• [Brief]: Once you reach the line that holds "RayBan Aviators sunglasses" in the listing below, output it and every line after it through the line that holds "Ahead Largo Washed", word for word.

• [Exercise data]:
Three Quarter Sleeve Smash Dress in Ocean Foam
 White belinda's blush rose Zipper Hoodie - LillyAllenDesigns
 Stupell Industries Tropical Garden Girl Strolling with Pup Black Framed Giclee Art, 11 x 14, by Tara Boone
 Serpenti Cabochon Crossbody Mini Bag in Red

* * *

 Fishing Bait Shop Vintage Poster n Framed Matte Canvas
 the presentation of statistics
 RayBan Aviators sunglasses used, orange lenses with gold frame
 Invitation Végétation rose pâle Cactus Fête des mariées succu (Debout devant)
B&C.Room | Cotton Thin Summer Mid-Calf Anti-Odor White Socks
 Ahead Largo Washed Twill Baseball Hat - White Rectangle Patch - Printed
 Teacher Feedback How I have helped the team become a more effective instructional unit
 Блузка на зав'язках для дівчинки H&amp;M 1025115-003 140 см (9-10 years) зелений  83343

==

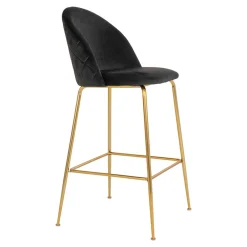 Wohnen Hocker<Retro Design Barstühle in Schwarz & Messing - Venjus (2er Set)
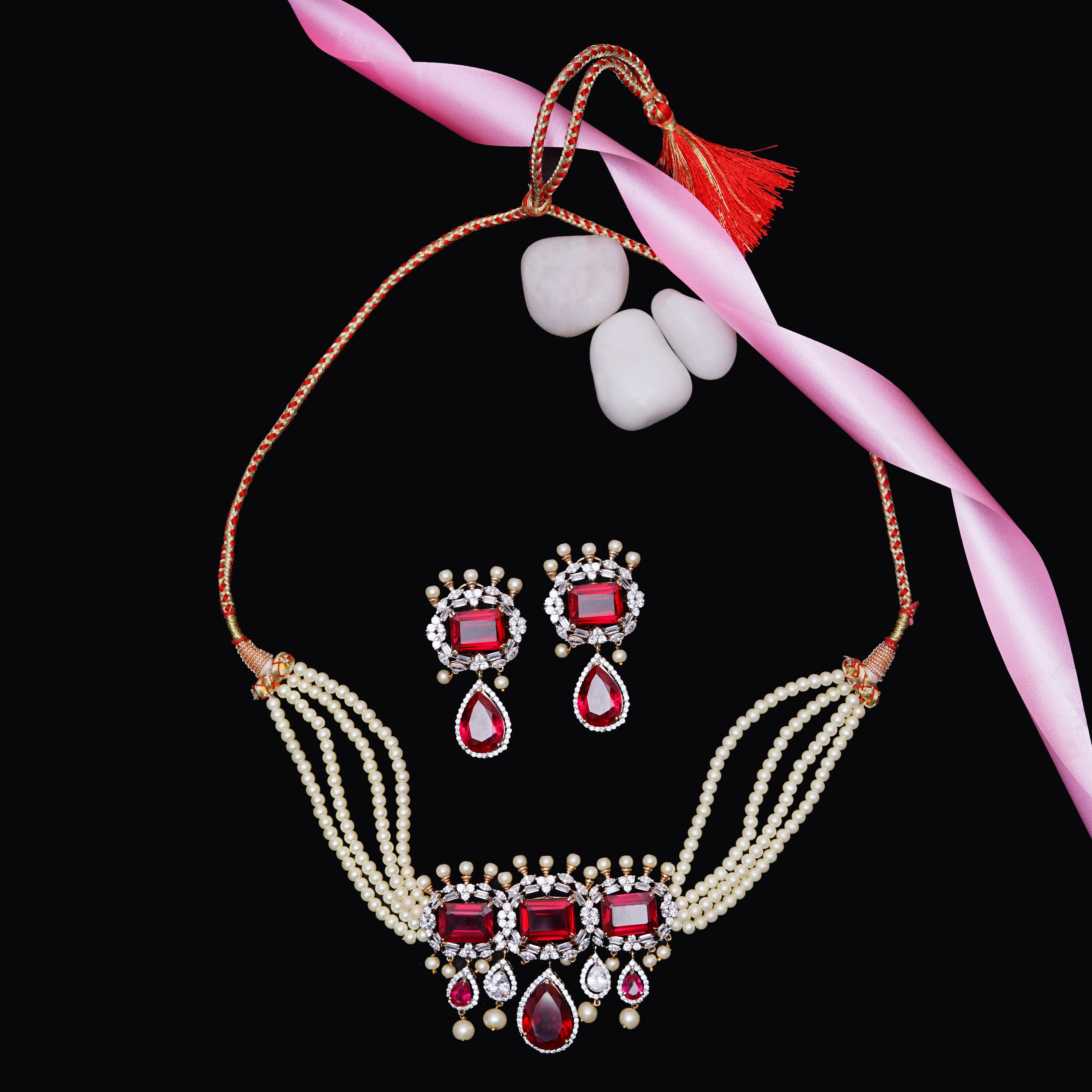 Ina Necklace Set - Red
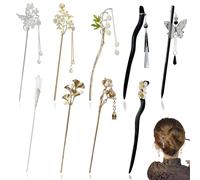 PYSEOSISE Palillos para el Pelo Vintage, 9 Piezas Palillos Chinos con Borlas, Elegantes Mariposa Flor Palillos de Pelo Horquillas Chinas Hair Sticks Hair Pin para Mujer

• [Exercise response]:
 RayBan Aviators sunglasses used, orange lenses with gold frame
 Invitation Végétation rose pâle Cactus Fête des mariées succu (Debout devant)
B&C.Room | Cotton Thin Summer Mid-Calf Anti-Odor White Socks
 Ahead Largo Washed Twill Baseball Hat - White Rectangle Patch - Printed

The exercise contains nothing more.